[
https://issues.apache.org/jira/browse/PIG-2975?page=com.atlassian.jira.plugin.system.issuetabpanels:comment-tabpanel&focusedCommentId=13480103#comment-13480103
]
Koji Noguchi commented on PIG-2975:
-----------------------------------
bq. I don't think we need to sacrifice performance if we use
BinInterSedes.BinInterSedesRawComparator.
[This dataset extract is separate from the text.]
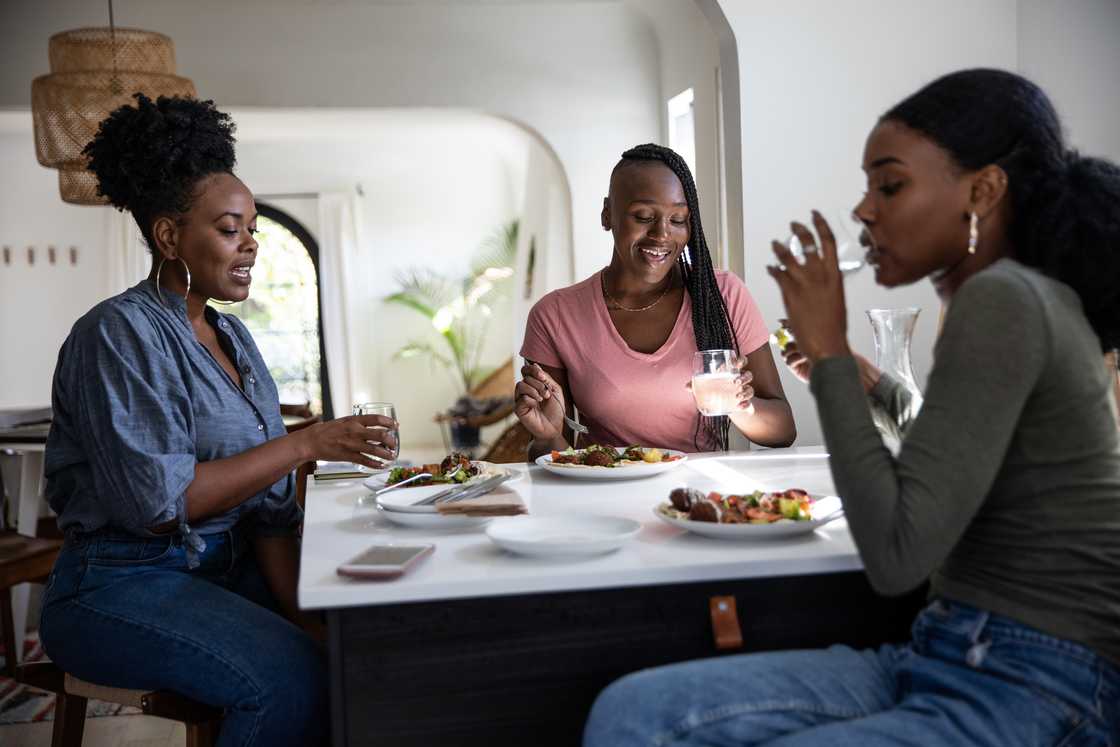 Three people sit around a dining table enjoying a meal together. Three people sit around a dining table enjoying a meal together.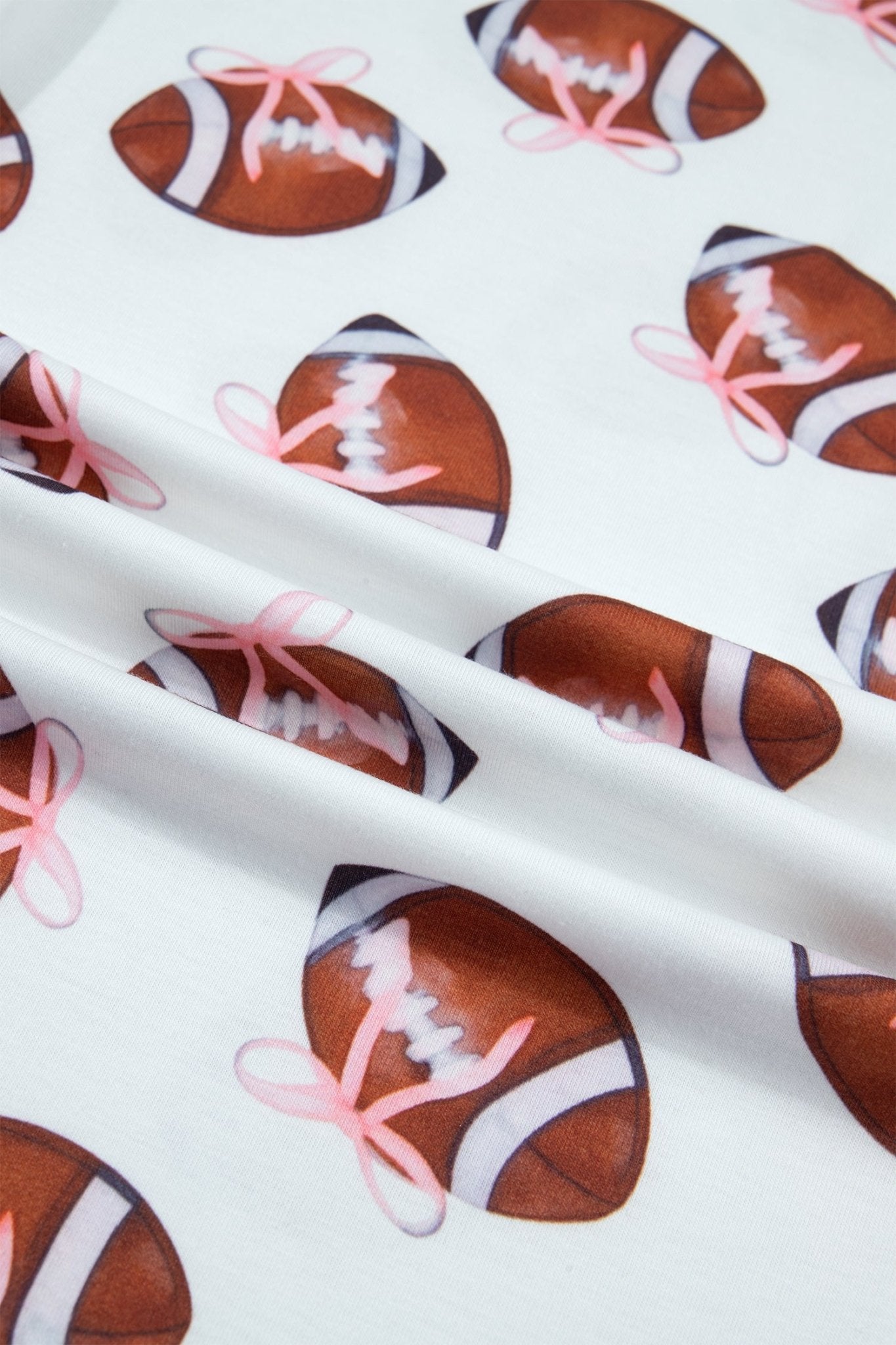 White fabric with a repeating pattern of brown footballs tied with pink bows, draped to show the material texture.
I tried sorting uncompressed texts with and without your patch and compared the
map time of one of the sort phase job. (1mapper 1 reducer)
Without the patch
1st 6mins, 24sec
2nd 6mins, 21sec
With the patch
1st 12mins, 41sec
2nd 12mins, 40sec
So there is a performance hit.
If you look at BinInterSedes.BinInterSedesRawComparator, it'll eventually comes
down to
{noformat}
759 private int compareBinInterSedesDatum(ByteBuffer bb1, ByteBuffer
bb2, boolean[] asc) throws IOException {
857 case BinInterSedes.TINYBYTEARRAY:
858 case BinInterSedes.SMALLBYTEARRAY:
859 case BinInterSedes.BYTEARRAY: {
860 type1 = DataType.BYTEARRAY;
861 type2 = getGeneralizedDataType(dt2);
862 if (type1 == type2) {
863 int basz1 = readSize(bb1, dt1);
864 int basz2 = readSize(bb2, dt2);
865 byte[] ba1 = new byte[basz1];
866 byte[] ba2 = new byte[basz2];
867 bb1.get(ba1);
868 bb2.get(ba2);
869 rc = DataByteArray.compare(ba1, ba2);
870 }
871 break;
{noformat}
Probably taking out this extra copies for bytearray comparisons would improve
the time. Trying.
(Separately, I'm trying out having a union-in-c like approach for DataByteArray
and Tuple.)
> TestTypedMap.testOrderBy failing with incorrect result
> -------------------------------------------------------
>
> Key: PIG-2975
> URL: https://issues.apache.org/jira/browse/PIG-2975
> Project: Pig
> Issue Type: Sub-task
> Affects Versions: 0.11
> Reporter: Koji Noguchi
> Assignee: Koji Noguchi
> Priority: Blocker
> Fix For: 0.11
>
> Attachments: PIG-2975-0_jco.patch, pig-2975-trunk_v01.txt,
> pig-2975-trunk_v02-broken.txt
>
>
> Looked at
> {noformat}
> junit.framework.AssertionFailedError
> at org.apache.pig.test.TestTypedMap.testOrderBy(TestTypedMap.java:352)
> {noformat}
> This looks like a valid test case failing with incorrect result.
> {noformat}
> % cat test/orderby.txt
> [key#1,key9#23]
> [key#3,key3#2]
> [key#22]
> % cat test/orderby.pig
> a = load 'test/orderby.txt' as (m:[]);
> b = foreach a generate m#'key' as b0;
> dump b;
> c = order b by b0;
> dump c;
> % java ... org.apache.pig.Main -x local test/orderby.pig
> [dump b]
> (1)
> (3)
> (22)
> ...
> [dump c]
> (1)
> (1)
> (22)
> %
> where did the '(3)' go?
> {noformat}
--
This message is automatically generated by JIRA.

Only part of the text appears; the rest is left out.